Rather than speak about raw material and commodity prices, I thought I would introduce you to some of the ways I encourage people to use Mintec data.

Fast-moving consumer goods are manufactured from multiple, potentially volatile, raw materials. With access to raw material prices and to your recipes/specification, you should be able to create a simple cost model.

Before you start modelling anything, you must relate it back to your company’s business objectives — are you looking for strategic or tactical advantage? Below are a few examples to help guide your approach.

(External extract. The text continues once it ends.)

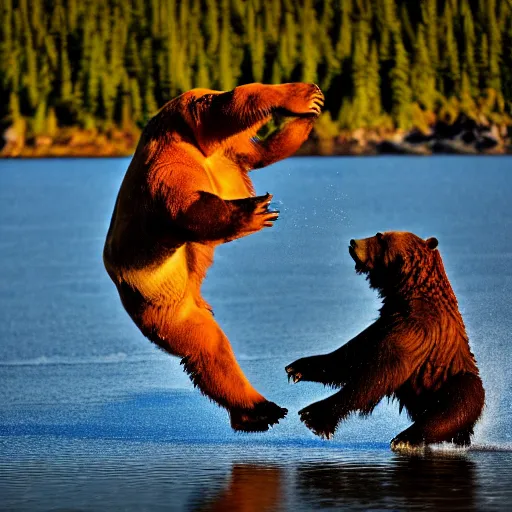 Image similar to kodiak bears kung - fu fighting on a lakefront using salmon as weapons, dusk, 8 k, hdr, cinematic, rule of thirds,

Use cost models tactically (to challenge price):

  • To increase the level of buyer power in negotiations
  • To identify and challenge the supplier’s negotiation position
  • To create a different negotiation framework
  • To challenge price increases, profit or overhead aspirations

Use cost models strategically (to understand total cost of ownership):

  • To gain alignment on true costs
  • To create open book pricing
  • To align purchase price with supplier input costs
  • To challenge or agree supplier overhead expenses

Figure 2, below, outlines how you can use cost models tactically to leverage private label products in the negotiation process.

Leveraging Private Label Products: Cost Modeling in Tactical Negotiations

Using cost models in the approach described above lends itself to analysis of individual stock keeping units (SKUs). But how do you use cost models to your advantage if you are purchasing a number of different SKUs from the same supplier?

Simply cost model the entire category!